**What is being asked:**
Copy exactly, and only, the lines that start at the line containing "陜西省布產(chǎn)量分月（累計值）統(tǒng)計" and end at the last line of the material below.

**Record extracts:**
※ ※ ※
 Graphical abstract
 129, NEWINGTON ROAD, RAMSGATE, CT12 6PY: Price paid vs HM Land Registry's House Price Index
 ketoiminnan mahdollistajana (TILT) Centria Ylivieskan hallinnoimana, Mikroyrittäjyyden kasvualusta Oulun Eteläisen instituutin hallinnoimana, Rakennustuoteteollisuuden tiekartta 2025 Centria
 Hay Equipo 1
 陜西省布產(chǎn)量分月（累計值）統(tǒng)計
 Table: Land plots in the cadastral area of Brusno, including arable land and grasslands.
※ ※ ※
**Expected answer:**
 陜西省布產(chǎn)量分月（累計值）統(tǒng)計
 Table: Land plots in the cadastral area of Brusno, including arable land and grasslands.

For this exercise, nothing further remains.